### YOUR ASSIGNMENT
Check the records below line by line. Give the count of lines with "Picture", and nothing else.
[[ DATA PROVIDED open ]]
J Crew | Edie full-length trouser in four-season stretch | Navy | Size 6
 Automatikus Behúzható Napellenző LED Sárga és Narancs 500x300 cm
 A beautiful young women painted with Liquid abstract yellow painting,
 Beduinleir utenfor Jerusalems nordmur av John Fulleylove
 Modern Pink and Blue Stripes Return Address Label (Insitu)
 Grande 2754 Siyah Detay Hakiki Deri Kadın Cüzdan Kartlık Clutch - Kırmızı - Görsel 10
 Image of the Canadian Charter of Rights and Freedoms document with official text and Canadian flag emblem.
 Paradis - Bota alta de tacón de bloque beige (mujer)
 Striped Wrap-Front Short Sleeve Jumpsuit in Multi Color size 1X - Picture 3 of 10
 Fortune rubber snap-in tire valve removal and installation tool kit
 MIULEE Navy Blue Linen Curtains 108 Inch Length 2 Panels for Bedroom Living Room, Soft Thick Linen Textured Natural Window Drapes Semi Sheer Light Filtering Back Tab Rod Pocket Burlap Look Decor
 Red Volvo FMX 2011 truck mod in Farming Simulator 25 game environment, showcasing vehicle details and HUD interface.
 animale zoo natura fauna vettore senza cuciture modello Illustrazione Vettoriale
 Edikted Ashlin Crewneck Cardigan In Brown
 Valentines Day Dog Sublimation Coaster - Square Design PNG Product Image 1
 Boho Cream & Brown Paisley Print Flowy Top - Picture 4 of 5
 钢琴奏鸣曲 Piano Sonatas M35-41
[[ DATA PROVIDED closed ]]
### TASK RESULT
2